Somehow this album reminds me of the word Yule. With song titles like “Beside You,” “Sweet Thing,” “Cyprus Avenue,” “The Way Young Lovers Do,” “Madame George,” “Ballerina,” and “Slim Slow Slider,” I get visions of pre-Christian rites and sacrifice and ale and mirth and Odin and wild hunters racing across the winter sky, and yet these images of personal mysticism aren’t quite enough… They fall short of being a “newborn sun,” and they can only hint at music of the soul.
With arrival of another Winter Solstice in the northern hemisphere, I listen yet again to these songs recorded in the late 60s and note how the eight songs form a long, coherent cycle of “intangible narrative of unreachable worlds.” The music, Morrison’s masterpiece, is a stone that dropped into a pond of cosmic being, still rippling to the shore of present time.
I’m not a music critic but I know what I like. I generally write from personal experiences rather than from purely academic viewpoints, but I’ve got some help from friends with better musical knowledge. My son, a trumpet and piano player who started his college life with a minor in music, helped me get a grip on the complicated (but somehow “simple”) structure of Astral Weeks, and my friend Kyle sent me a Christmas card that, oddly, helps to camouflage my musical ignorance when…
…listening to the album I assume the title of Fish Whisperer rather than Object of Fish Laughter, when I step into a wild river of impressionistic lyrics, of stream-of-consciousness evoking deep emotions, and of Van Morrison’s saxophonal, virtuosic singing.
“This card reminded me of you,” wrote Kyle. “If you could walk with a tree, the fish wouldn’t know you were on the riverbank, and you could sneak up on them.” And that’s how it is with a listen to Astral Weeks.
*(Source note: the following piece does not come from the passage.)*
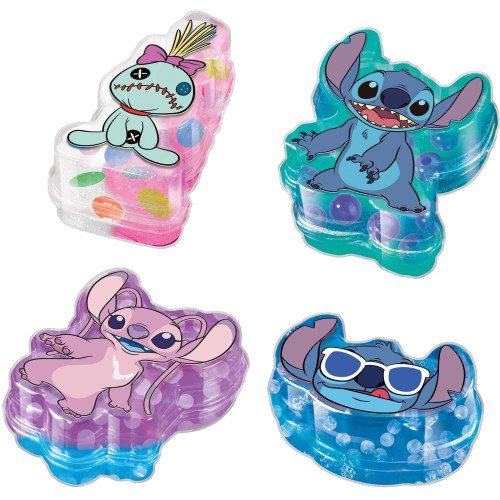 Lexibook Disney Stitch Cra-z-art Slimy Stitch Creations Studio Σετ Δημιουργίας Χλαπάτσας 6+ Ετών, 1+ Παίκτες 35.CRSLIM51D 338074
The music goes where it wants to go, and I flow with it. A simple idea, but give a listen, and try it…
Sneaking around with tree camouflage worked for certain scenes in Shakespearean and Tolkien drama. I like to think it might work for me, as well, especially in fall when the streams are low and clear and the trout are wary, but to pull it off on a place like Cedar Run defies… probability.
Ah, to slip back into the music camouflaged in dreamy late-night 70s fabric… to pass off my appreciation…
“If I ventured in the slipstream/ Between the viaducts of your dream/ Where mobile steel rims crack/ And the ditch in the back roads stop// Could you find me?/ Would you kiss-a my eyes?/ To lay me down in silence easy/ To be born again, to be born again// ….
So begins this album of emotional outpouring from an upbringing in Belfast, Ireland. So begins this record of delicate musical structures unlike any recording before or after. So begins a mountain stream of blended musical currents, of blues, folk, jazz, and classical elements. And so begins a season of rebirth, at Yule.